_EXERCISE INSTRUCTIONS_: When the line containing "2025, 8:01 am" appears in the data below, begin copying there and stop only after the line containing "Bàn bếp inox công nghiệp".

*** STORED DATA Section Begins ***

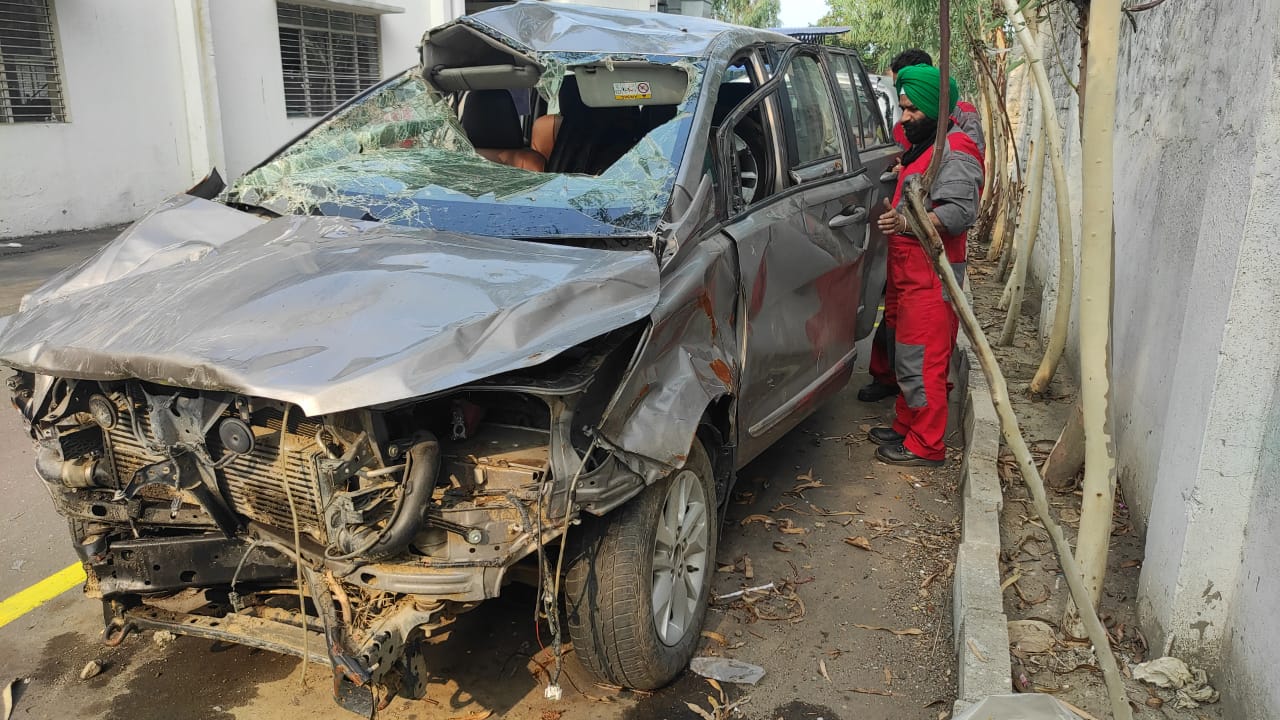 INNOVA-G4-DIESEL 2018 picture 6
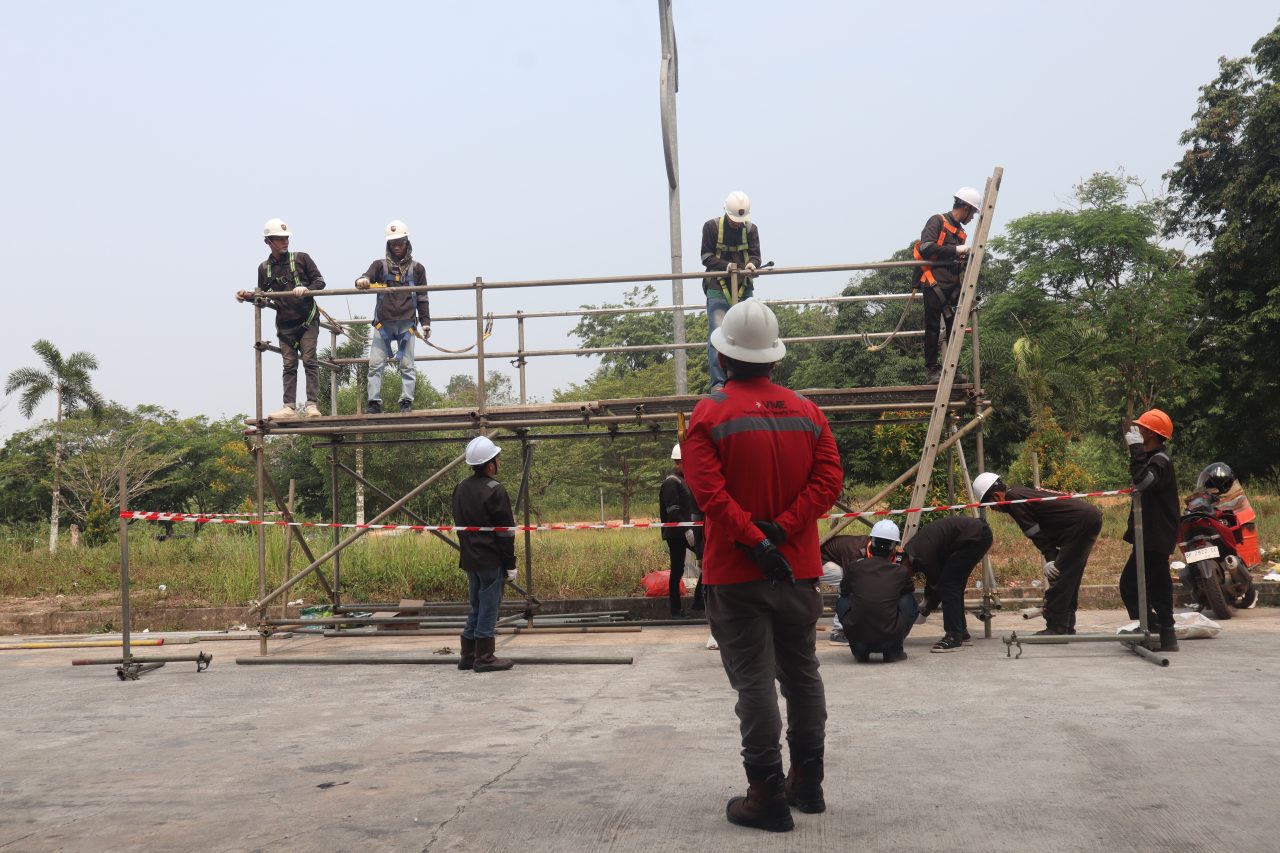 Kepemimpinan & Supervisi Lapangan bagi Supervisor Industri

*** STORED DATA Section Ends ***
*** STORED DATA Section Begins ***

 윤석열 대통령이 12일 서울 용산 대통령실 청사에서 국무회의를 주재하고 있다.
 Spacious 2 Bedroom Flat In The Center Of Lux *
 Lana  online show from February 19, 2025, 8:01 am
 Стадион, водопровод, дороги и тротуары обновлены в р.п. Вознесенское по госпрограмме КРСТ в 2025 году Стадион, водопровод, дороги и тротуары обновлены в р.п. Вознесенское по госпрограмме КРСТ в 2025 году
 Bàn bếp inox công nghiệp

*** STORED DATA Section Ends ***

_WORKED SOLUTION_:
 Lana  online show from February 19, 2025, 8:01 am
 Стадион, водопровод, дороги и тротуары обновлены в р.п. Вознесенское по госпрограмме КРСТ в 2025 году Стадион, водопровод, дороги и тротуары обновлены в р.п. Вознесенское по госпрограмме КРСТ в 2025 году
 Bàn bếp inox công nghiệp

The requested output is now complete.